The Foster Logs would need their own separate collection.
Ballantine/Del Rey last republished Alan Dean Foster's "Log" adaptations of "Star Trek: The Animated Series" for the 40th anniversary. There were five volumes in these new trade paperbacks, two "ST Logs" in each book. A then-new and different one-page introduction from the author prefaced each volume:
In "Logs One and Two", ADF discusses getting the job, his excitement about writing for ST, and the trepidation of possibly padding out 20-page scripts into 60,000 words.
In "Logs Three and Four", he mentions how some authors consider novelization assignments to be hack work, and demonstrates how "Fire photon torpedoes, Mr Sulu!" can become two paragraphs of exposition.

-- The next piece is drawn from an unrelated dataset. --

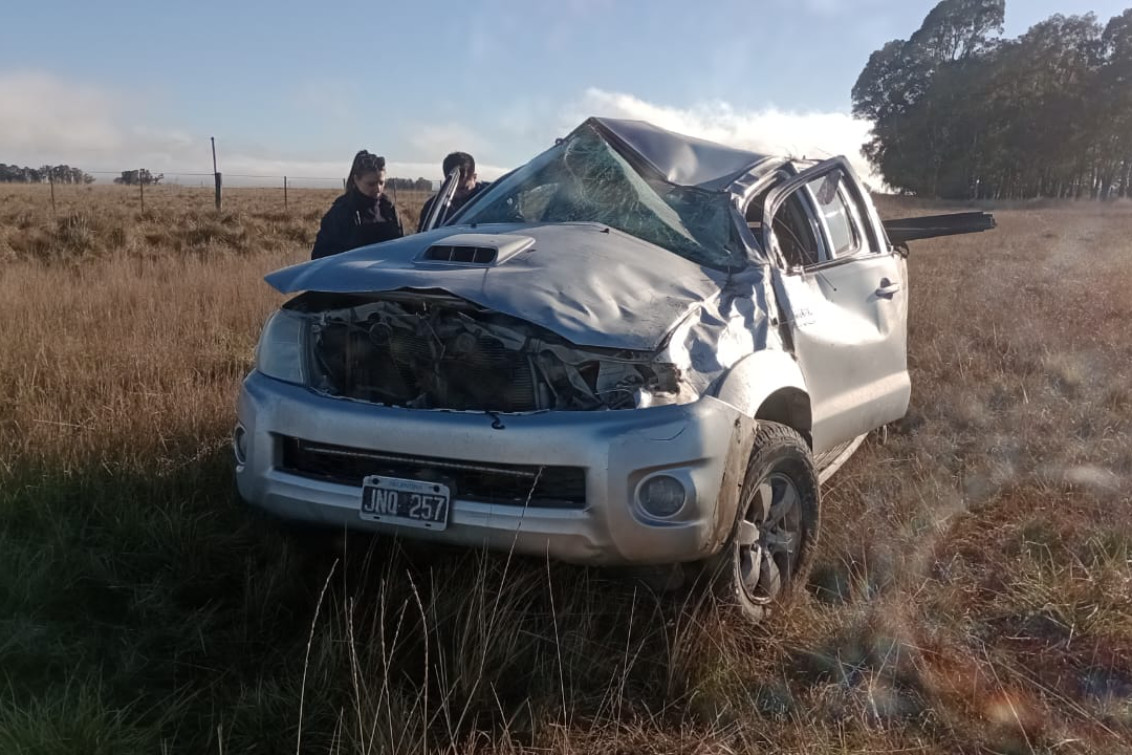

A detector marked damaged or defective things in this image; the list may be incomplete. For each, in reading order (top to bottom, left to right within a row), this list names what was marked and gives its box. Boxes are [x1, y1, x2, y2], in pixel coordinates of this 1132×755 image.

shattered windshield [455, 121, 747, 268]
broken headlight [255, 310, 310, 387]
damaged hood [263, 222, 724, 353]
wrecked silver pickup truck [232, 116, 991, 620]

In "Logs Five and Six", ADF discusses Filmation's approach to animation and mentions how he recognized a friend's artwork style in a cel from TAS used on the original release of "ST Log 5".

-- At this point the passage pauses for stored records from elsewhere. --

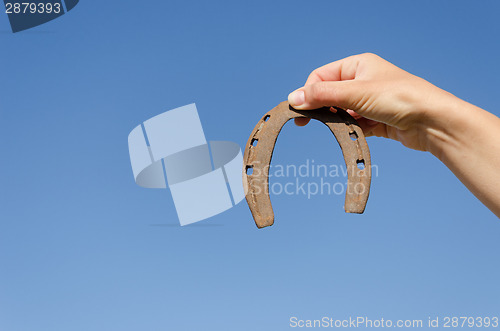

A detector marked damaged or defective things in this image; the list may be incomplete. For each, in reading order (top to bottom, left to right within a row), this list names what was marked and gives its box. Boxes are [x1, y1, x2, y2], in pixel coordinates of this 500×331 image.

rusty iron horseshoe [242, 102, 372, 228]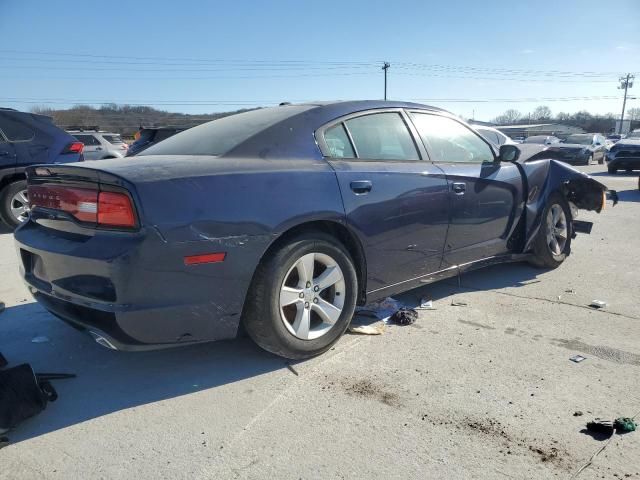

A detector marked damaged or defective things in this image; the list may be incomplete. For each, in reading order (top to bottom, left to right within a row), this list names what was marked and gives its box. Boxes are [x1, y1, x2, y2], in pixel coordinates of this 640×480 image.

exposed wheel well [258, 220, 368, 304]
damaged dodge charger [13, 101, 616, 358]
crumpled front fender [524, 160, 612, 251]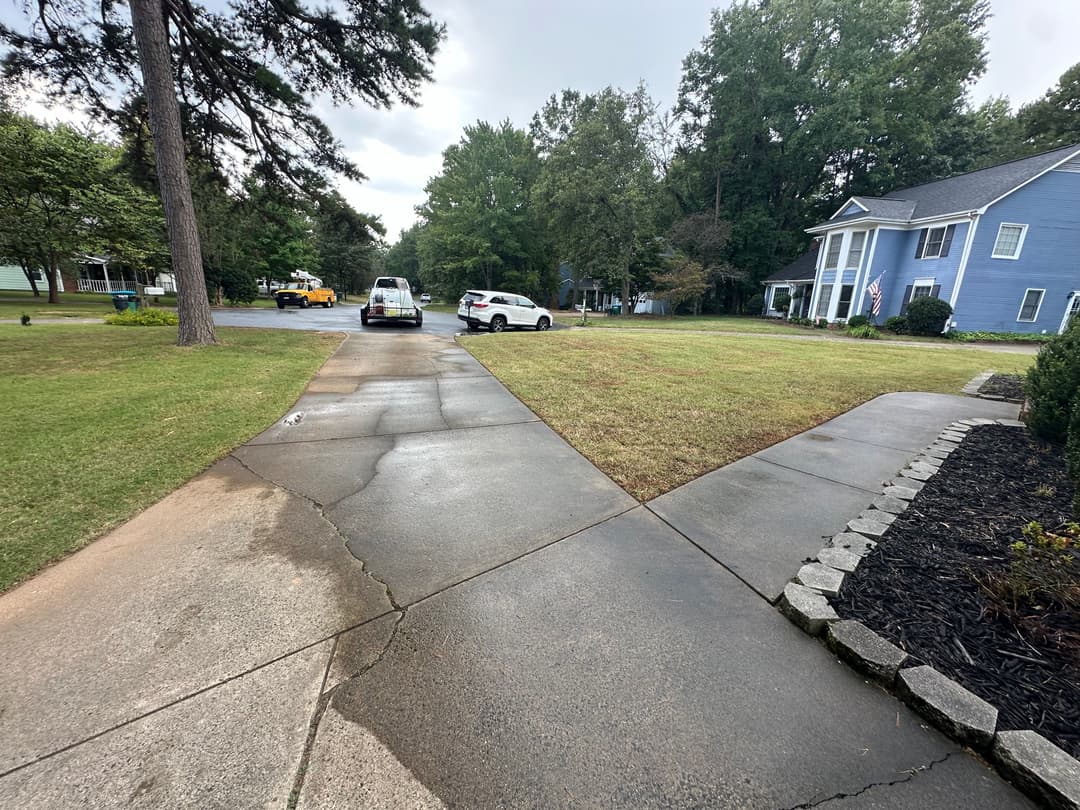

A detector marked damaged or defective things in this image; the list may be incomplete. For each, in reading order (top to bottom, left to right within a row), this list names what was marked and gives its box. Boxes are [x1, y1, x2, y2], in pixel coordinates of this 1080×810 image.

In "Logs Seven and Eight", he talks about the day Judy-Lynn del Rey told him to start padding out each remaining script into one per book. ADF's additional Kumara the Klingon adventure in "ST Log 7" is mentioned as being ADF's rejected two-parter script pitch for the third season of TOS. He was told to resubmit for Season Four. Sigh.
(I did correspond with ADF about this anecdote; he cannot remember the name of his unfilmed episodes, sadly, and no longer has the scripts in his files.)
In "Logs Nine and Ten", ADF discusses how he deliberately kept the two strongest SF storylines to last, then worried how Larry Niven (creator of the kzinti) would react to someone else novelizing a Known Space story.
Keep in mind that each new introduction is only one page long. But irresistable to me. Had all five pages been repeated in each volume, I'd have probably only have bought the one volume, because I already have these adaptations as single volumes (Ballantine) and in the Pocket International three-volume set.